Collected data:
= Beginning of Section =

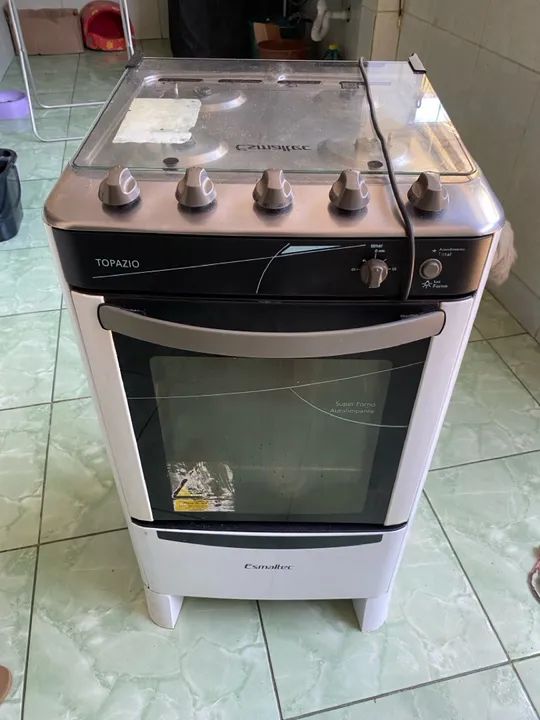 Fogão 4 bocas semi novo!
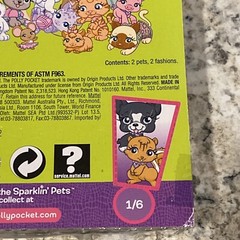 Polly Pockets sparklin pets series 3 new in package sealed dog and cat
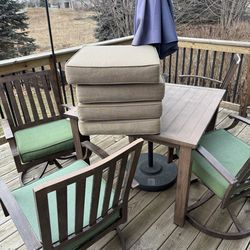 Outdoor Patio Set – Table, 4 Swivel Chairs, Cushions & Umbrella – $400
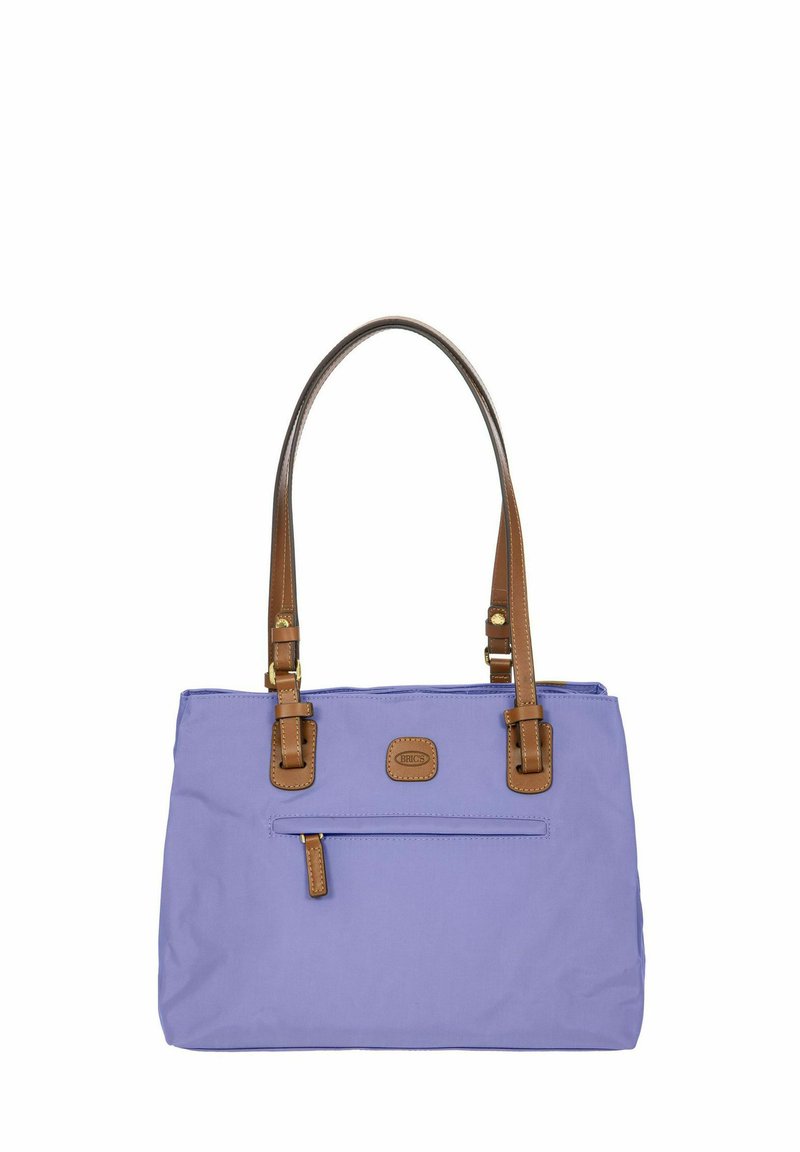 Borsa a tote in nylon viola con manici in pelle marrone, dotata di una tasca frontale con zip e di una patch con logo. Design piatto con dettagli testurizzati minimi.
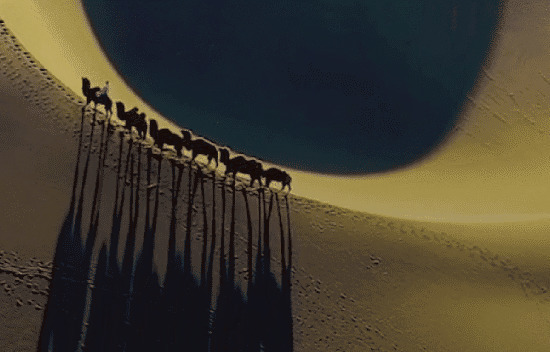 沙漠骆驼商队GIF图片:沙漠,骆驼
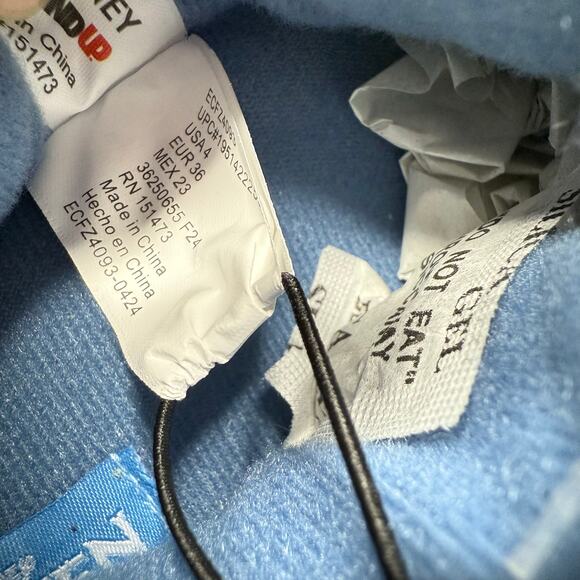 Ground Up Disney Frozen Olaf Snowman 3D Slip-On Plush Slippers Size 3 White New - Picture 7 of 12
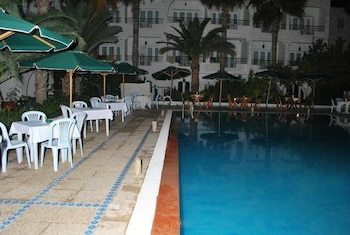 Hotel Emira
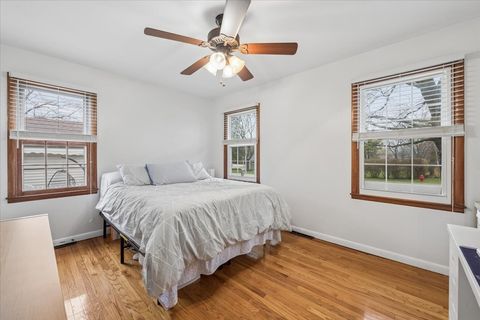 Tiny photo for 573 Dublin Drive, Mundelein, IL 60060 (MLS # 12617050)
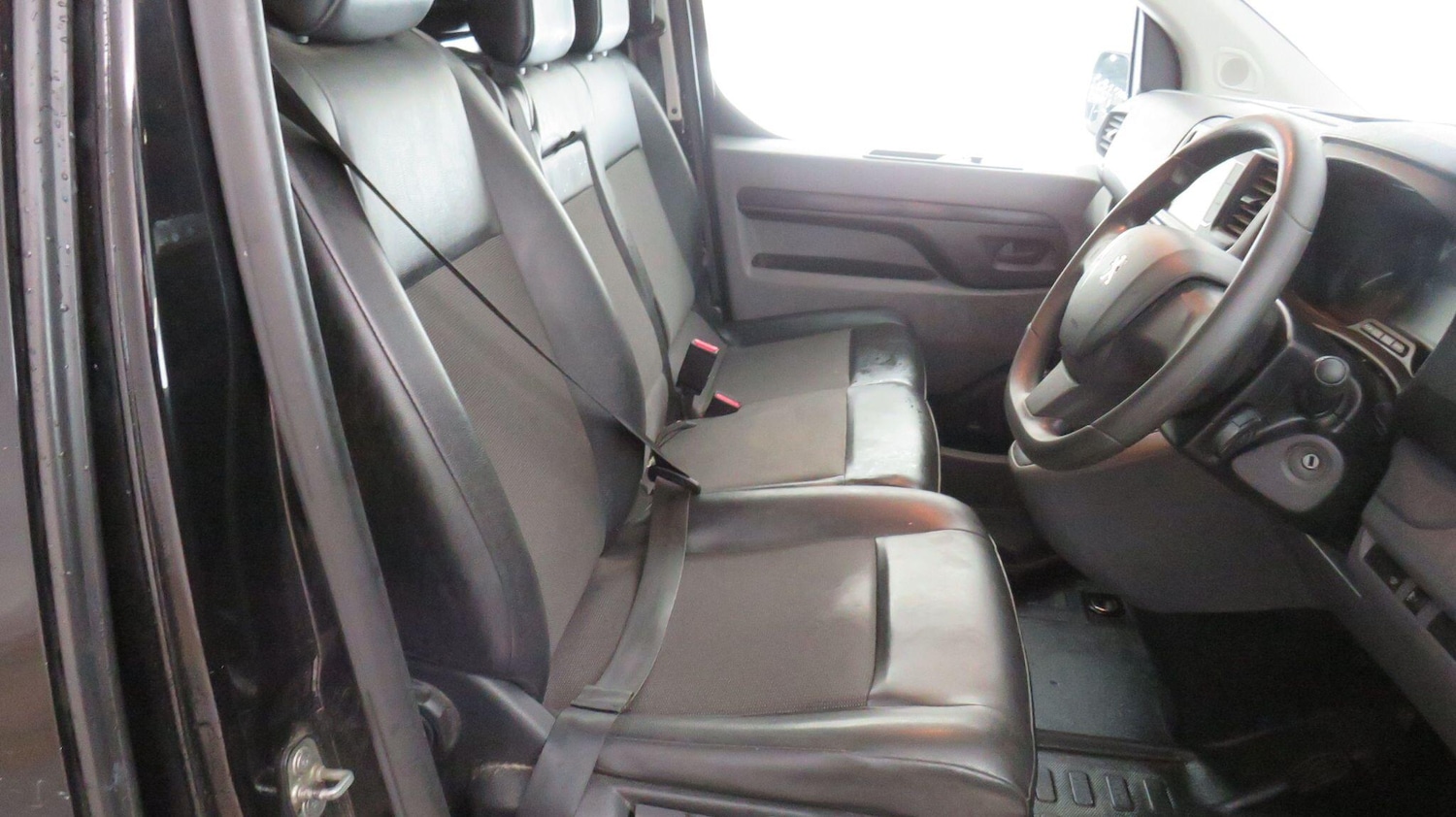 Used Peugeot Expert 2019 for sale - 76942450: Photo 14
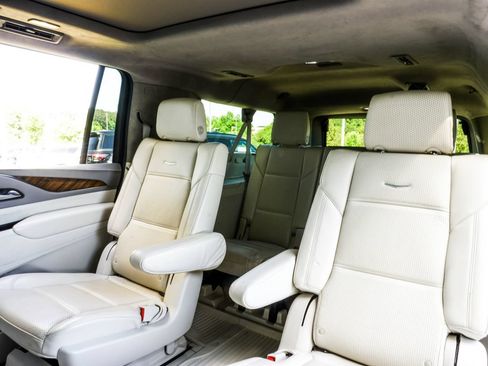 Used 2024 Cadillac Escalade ESV Sport Platinum w/ LPO, ONYX Package AWD/4WD image 37
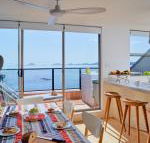 5 Casuarinas 33 Soldiers Point Road superb waterfront unit - Holiday Cairns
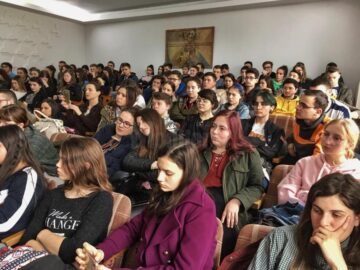 Lecție de istorie cu foștii deținuți politici Radu Bercea și Toma Filaret, la Colegiul de Artă Suceava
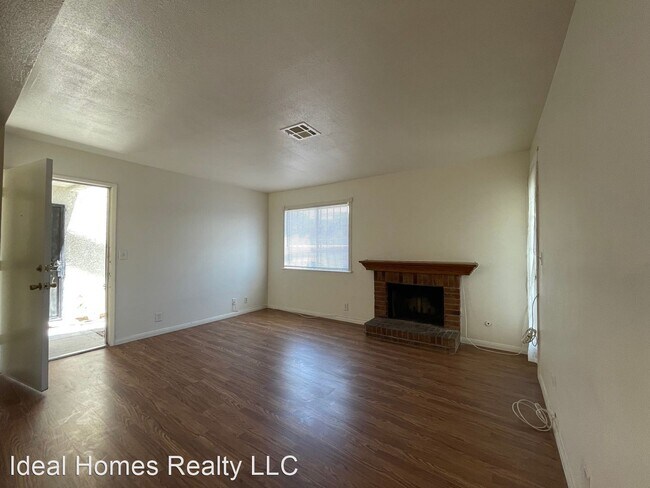 Foto del edificio - 2 br, 2 bath House - 1701 E Katie Ave Unit 79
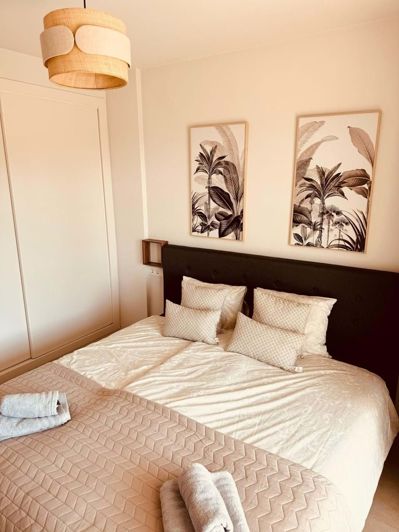 Image No.20-2 Bed Apartment for sale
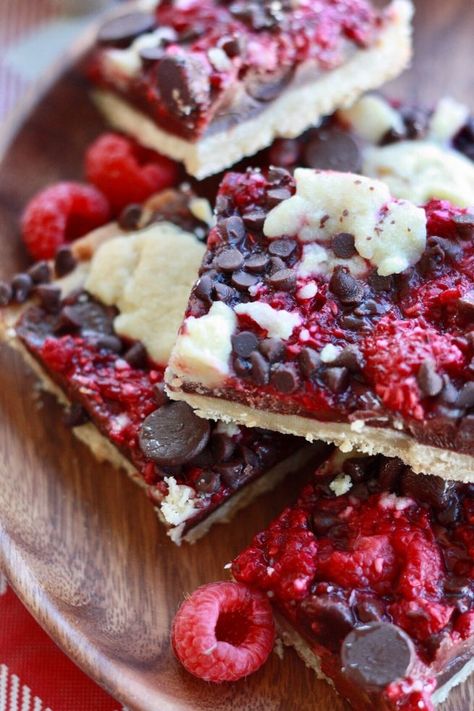 RASPBERRY CHOCOLATE CRUMB BARS | EVERYDAY JENNY Fresh Raspberry Bars, Chocolate Raspberry Bars Recipes, Raspberry Chocolate Pie, Raspberry And Chocolate Desserts, Dark Chocolate Raspberry Bars, Raspberry Chocolate Bars, Golden Raspberry Recipes, Chocolate And Raspberry Desserts, Dark Chocolate Raspberry Pie Bars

= End of Section =

Task prompt → No pictures belong in the copy. Transcribe every entry exactly.

Finished task →
 Fogão 4 bocas semi novo!
 Polly Pockets sparklin pets series 3 new in package sealed dog and cat
 Outdoor Patio Set – Table, 4 Swivel Chairs, Cushions & Umbrella – $400
 Borsa a tote in nylon viola con manici in pelle marrone, dotata di una tasca frontale con zip e di una patch con logo. Design piatto con dettagli testurizzati minimi.
 沙漠骆驼商队GIF图片:沙漠,骆驼
 Ground Up Disney Frozen Olaf Snowman 3D Slip-On Plush Slippers Size 3 White New - Picture 7 of 12
 Hotel Emira
 Tiny photo for 573 Dublin Drive, Mundelein, IL 60060 (MLS # 12617050)
 Used Peugeot Expert 2019 for sale - 76942450: Photo 14
 Used 2024 Cadillac Escalade ESV Sport Platinum w/ LPO, ONYX Package AWD/4WD image 37
 5 Casuarinas 33 Soldiers Point Road superb waterfront unit - Holiday Cairns
 Lecție de istorie cu foștii deținuți politici Radu Bercea și Toma Filaret, la Colegiul de Artă Suceava
 Foto del edificio - 2 br, 2 bath House - 1701 E Katie Ave Unit 79
 Image No.20-2 Bed Apartment for sale
 RASPBERRY CHOCOLATE CRUMB BARS | EVERYDAY JENNY Fresh Raspberry Bars, Chocolate Raspberry Bars Recipes, Raspberry Chocolate Pie, Raspberry And Chocolate Desserts, Dark Chocolate Raspberry Bars, Raspberry Chocolate Bars, Golden Raspberry Recipes, Chocolate And Raspberry Desserts, Dark Chocolate Raspberry Pie Bars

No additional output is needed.